§ **DIRECTIONS**
Below, some lines carry pictures; leave those pictures out and retype exactly the lines from the one with "2007 Ford F150 Supercrew" through the one with "Supor Insulated Lunch".

§ **MATERIAL FOR THIS TASK**
+ + +

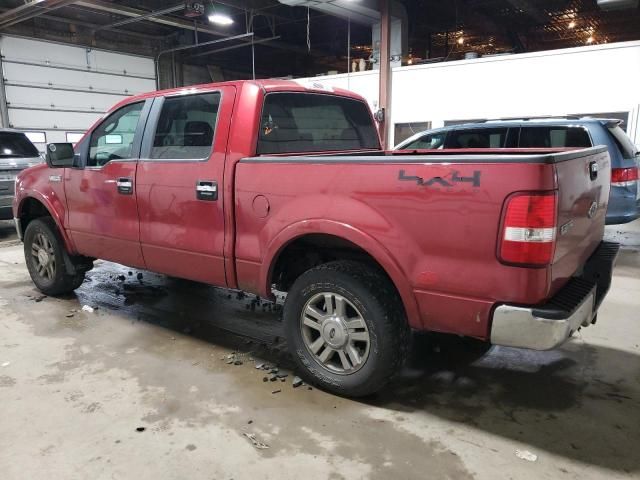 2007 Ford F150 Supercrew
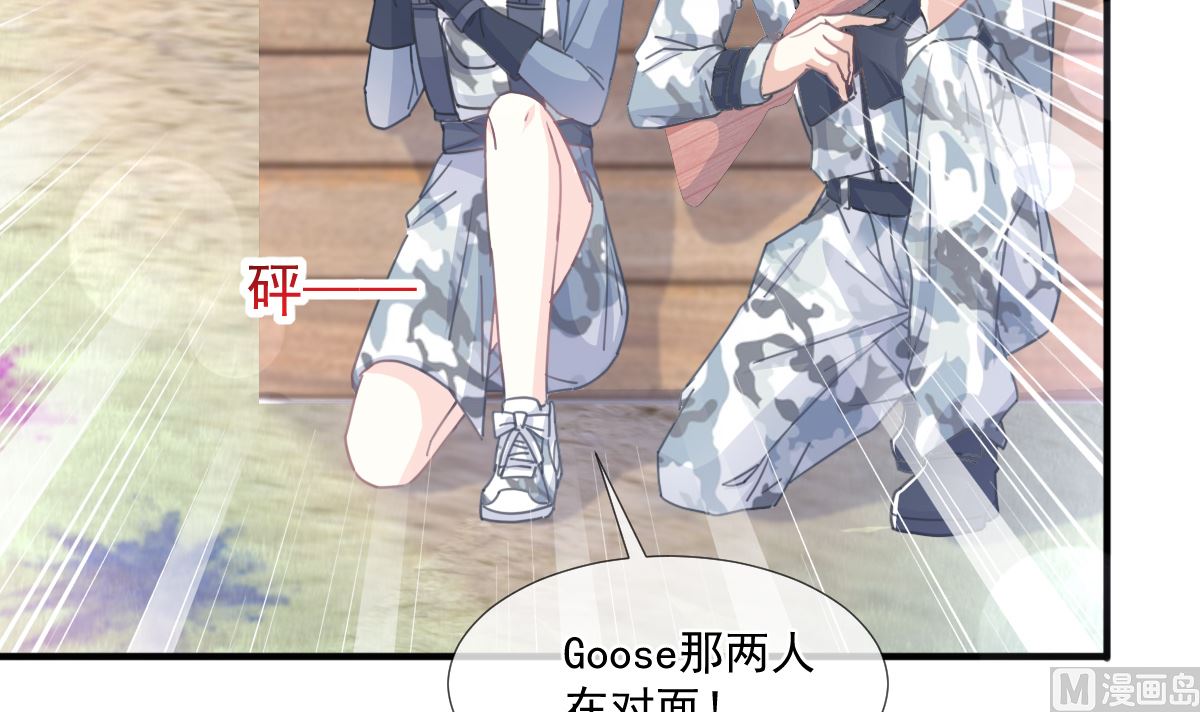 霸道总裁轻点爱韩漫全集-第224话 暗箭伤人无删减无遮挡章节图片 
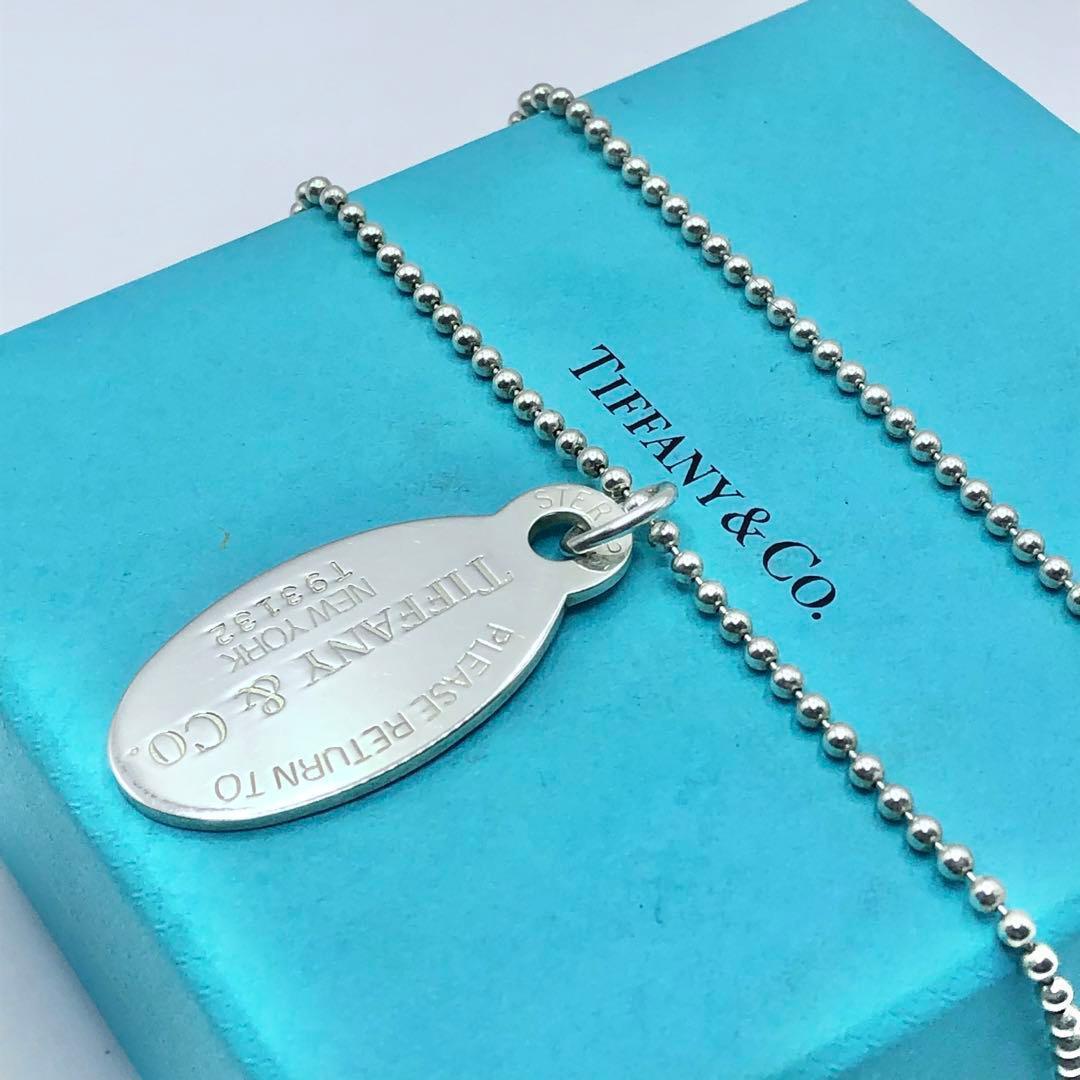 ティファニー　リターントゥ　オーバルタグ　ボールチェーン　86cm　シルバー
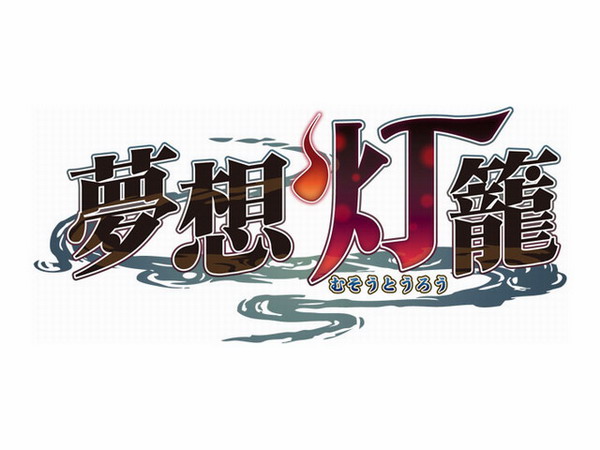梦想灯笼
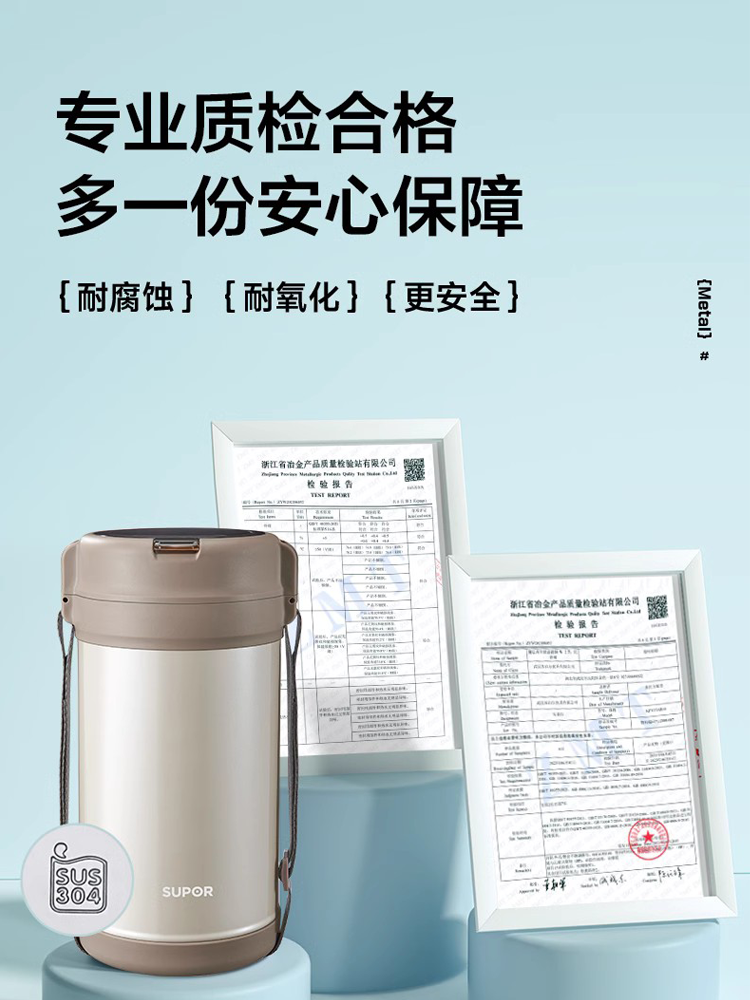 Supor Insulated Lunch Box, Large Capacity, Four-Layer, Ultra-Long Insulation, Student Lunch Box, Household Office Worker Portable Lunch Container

+ + +

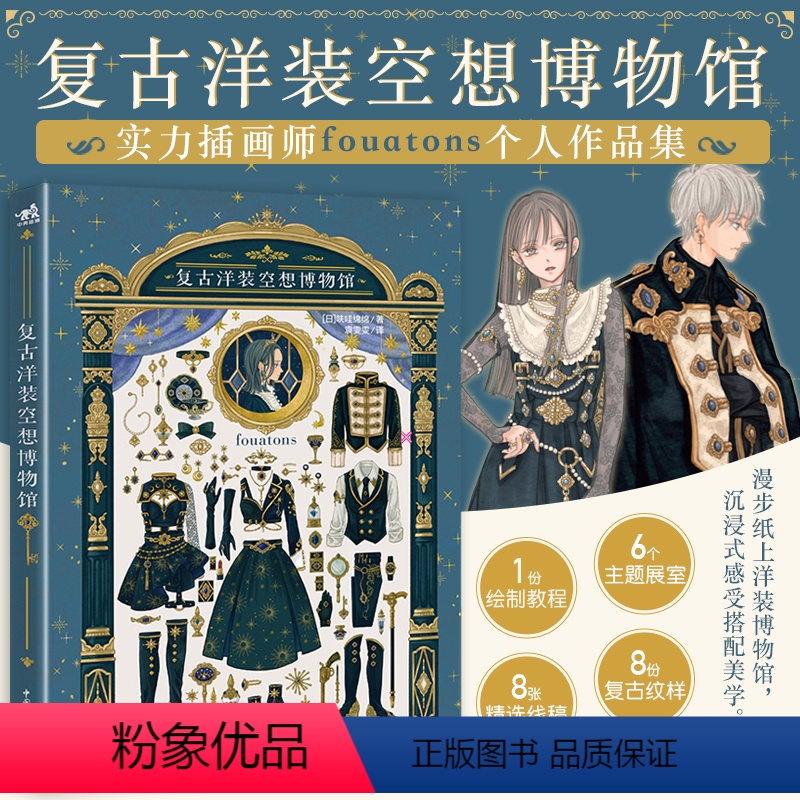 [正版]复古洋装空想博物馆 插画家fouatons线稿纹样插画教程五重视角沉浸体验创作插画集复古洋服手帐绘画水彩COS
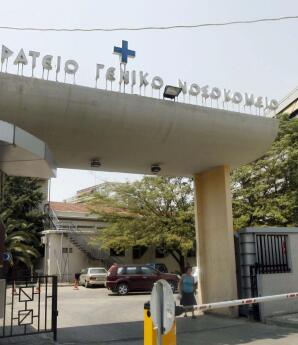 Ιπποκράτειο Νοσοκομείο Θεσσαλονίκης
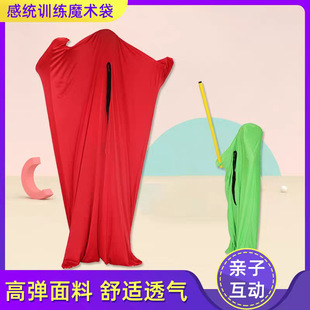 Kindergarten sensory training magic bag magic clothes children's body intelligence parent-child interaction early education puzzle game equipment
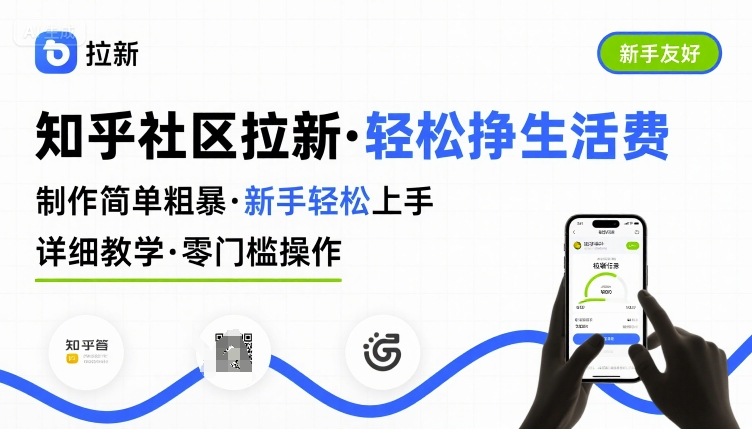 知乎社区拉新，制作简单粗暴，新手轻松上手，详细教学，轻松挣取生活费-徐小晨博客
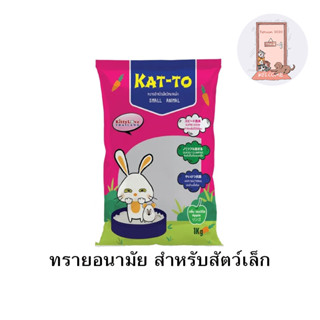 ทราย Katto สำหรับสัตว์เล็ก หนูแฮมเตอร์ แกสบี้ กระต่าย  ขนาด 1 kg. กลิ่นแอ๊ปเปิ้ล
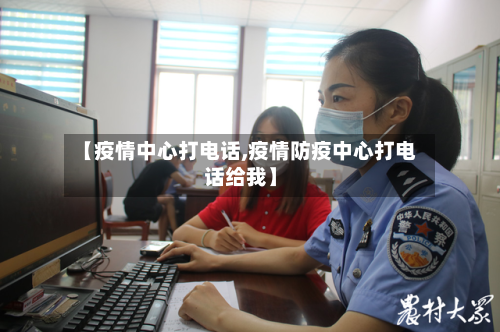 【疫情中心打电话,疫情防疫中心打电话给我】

+ + +

§ **FINAL ANSWER**
 2007 Ford F150 Supercrew
 霸道总裁轻点爱韩漫全集-第224话 暗箭伤人无删减无遮挡章节图片 
 ティファニー　リターントゥ　オーバルタグ　ボールチェーン　86cm　シルバー
梦想灯笼
 Supor Insulated Lunch Box, Large Capacity, Four-Layer, Ultra-Long Insulation, Student Lunch Box, Household Office Worker Portable Lunch Container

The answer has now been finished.